Vorstellungswelten auf der SpurDr. Ulrich Sieg wandelt erfolgreich zwischen zeitgeschichtlicher und schachlicher Forschungvon Harald Fietz, Mai 2002 |
Ulrich Sieg liebt Pläne. Solche, die er selbst auf 64 Feldern produziert, und solche, die Philosophen und Publizisten einst zur Deutung ihrer Zeit entwarfen. Für beide Arten der Reflektion ist der gebürtige Lübecker bereits ausgezeichnet worden: 1995 verlieh ihm der Weltschachverband den FIDE-Meister-Titel; 2000 erhielt er vom Verband der Historikerinnen und Historiker den prestigeträchtigen Nachwuchspreis. "Jüdische Intellektuelle im Ersten Weltkrieg - Kriegserfahrungen, weltanschauliche Debatten und kulturelle Neuentwürfe" heißt seine beim Akademie-Verlag veröffentlichte Habilitationsschrift. Ein detaillierter Blick auf Anfeindungen und Ausgrenzungen im Kaiserreich, die die Rückbesinnung auf jüdische Identität verstärkten - insbesondere die Orientierung auf das Ostjudentum.
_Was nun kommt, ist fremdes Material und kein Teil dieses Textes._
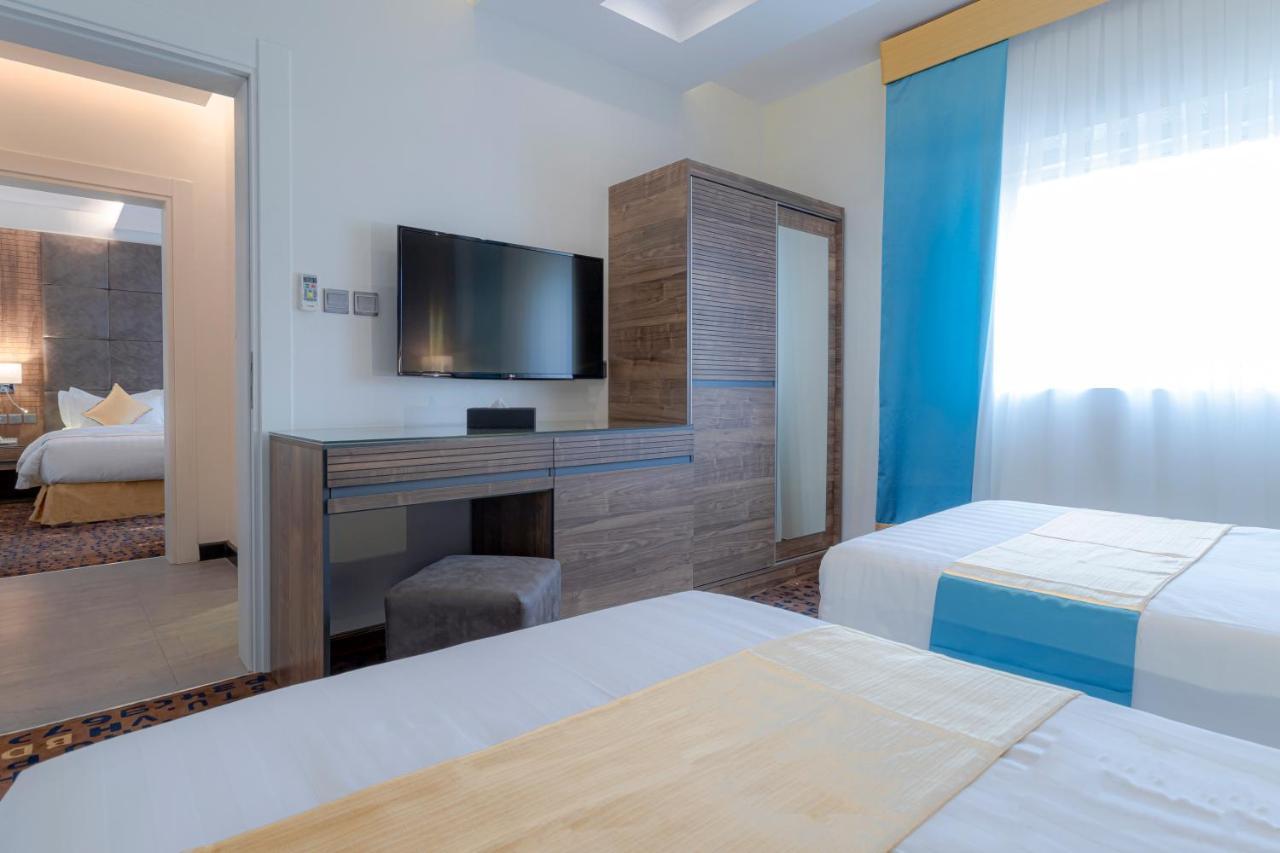 Y Platinum Hotel *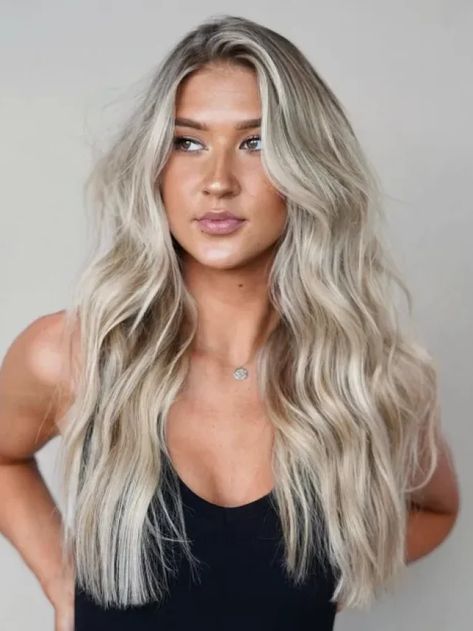 Root Tap Blonde, Blonde Root Smudge, Root Tap, Hair Color Inspiration, Styled Hair, Icy Blonde Hair, Silver Blonde, Afro Textured Hair, Beautiful Hair Color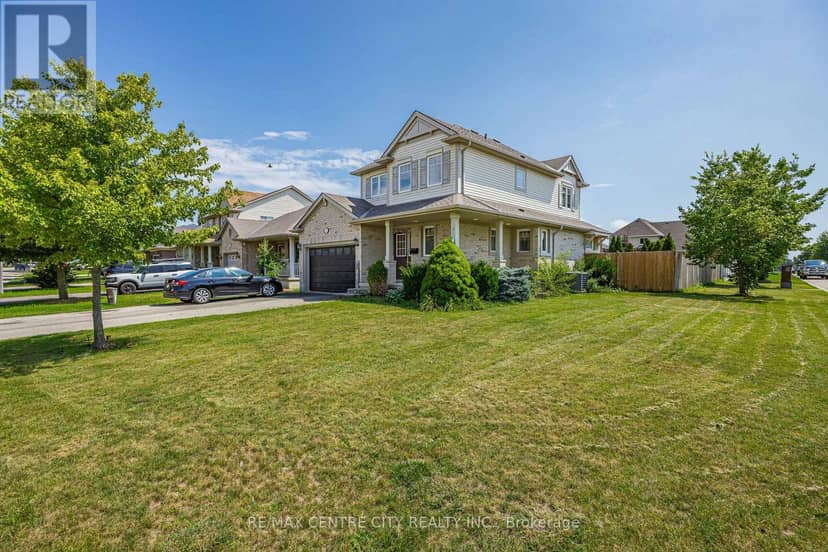 2 Fenwick Court — photo 3 of 40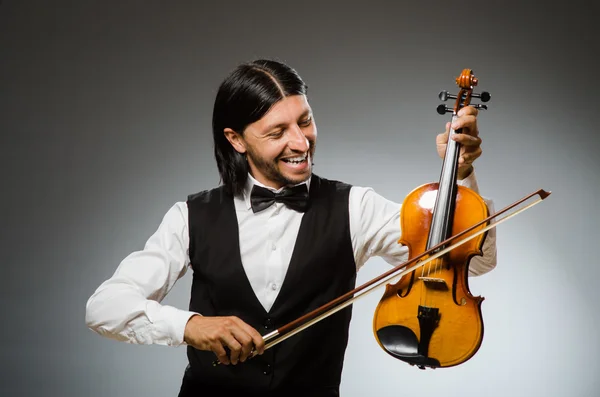 Homem tocando violino no conceito musical — Fotografia de Stock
Mit Akiba Rubinstein, Ossip Bernstein und Samuel Reshevsky an der Spitze haben bekanntlich zahlreiche herausragende Schachspieler dieser Herkunft in den Jahrzehnten nach dem Jahrhundertwechsel 1900 den Weg aus Osteuropa in den Westen gemacht. Sie stammten aus einem Kulturkreis, der - zumindest aus Sicht des akkulturierten jüdischen Bildungsbürgertums - aufgrund des Krieges im Osten und den politischen Neugliederungen mehr Aufmerksamkeit erhielt. Sieg fokussiert daher - neben den intellektuellen Diskursen rund die Kriegsereignisse - insbesondere auf die Verherrlichung ursprünglicher Religiosität als Element für den Entwurf eines neuen Weltbildes. Eine jüdische Generation, die die Aufstiegsbarrieren abseits "freier" Berufe zu spüren bekam (z.B. an Universitäten, dem Militär, Justiz und Verwaltung), fieberte aufgrund der Erfahrungen des umfassenden Zivilisationsbruchs im Ersten Weltkrieg und wegen wachsender Skepsis am Fortschrittsglauben der Moderne auf eine kulturelle Erneuerung hin. Das idealisierte Gedankengut des Ostjudentums erfüllte die Sehnsucht nach politisch-religiösen Deutungen im Sinne einer einheitlichen, zionistischen Weltanschauung.
Dr. Ulrich Sieg
Die vielschichtigen Denkströmungen waren auch jenem Mann bekannt, dem Ulrich Siegs außer-universitäres Forschungsinteresse gilt. Schachweltmeister Emanuel Lasker hatte im Kaiserreich und der Weimarer Republik nicht bloß am Brett seinen Platz, sondern erwarb sich Verdienste mit mathematischen Arbeiten, philosophischen Schriften, Versuchen als Dramatiker, Spielerfinder und politischer Kommentator. Doch auch er bekam Exklusionsmechanismen zu spüren. Sein Streben nach einer Professur für Mathematik scheiterte in England und Amerika; im Deutschen Reich versuchte er es erst gar nicht. Trotzdem war er bis zu seiner Emigration 1933 in philosophische und naturwissenschaftliche Diskussionen mit führenden Gelehrten seiner Heimat einbezogen. Die schachkulturelle Forschung steht aber selbst bei diesem exponierten Multitalent am Anfang. Obwohl Sieg und seine Mitstreiter die intensive Quellensuche zum jüngsten Lasker-Sammelband bereits Mitte der 90er Jahre begannen, sieht der Privatdozent für Neuere Geschichte an der Universität Marburg noch ein weites Feld zu beackern: "Man muss das Schach auch im Spiegel der Epochen sehen. Es gibt beispielsweise die Idee, in Berlin im Jahr 2003 einen Kongress zu "Schach und bürgerliche Welt im 19. Jahrhundert" zu veranstalten. Und speziell zu Lasker sind noch viele Schnittstellen zu gesellschaftlichen Bereichen seiner Zeit zu entdecken. Wenn man die Namen seiner Kontakte hat, dann beginnt die Kleinarbeit. Vieles ist momentan ungesichtet."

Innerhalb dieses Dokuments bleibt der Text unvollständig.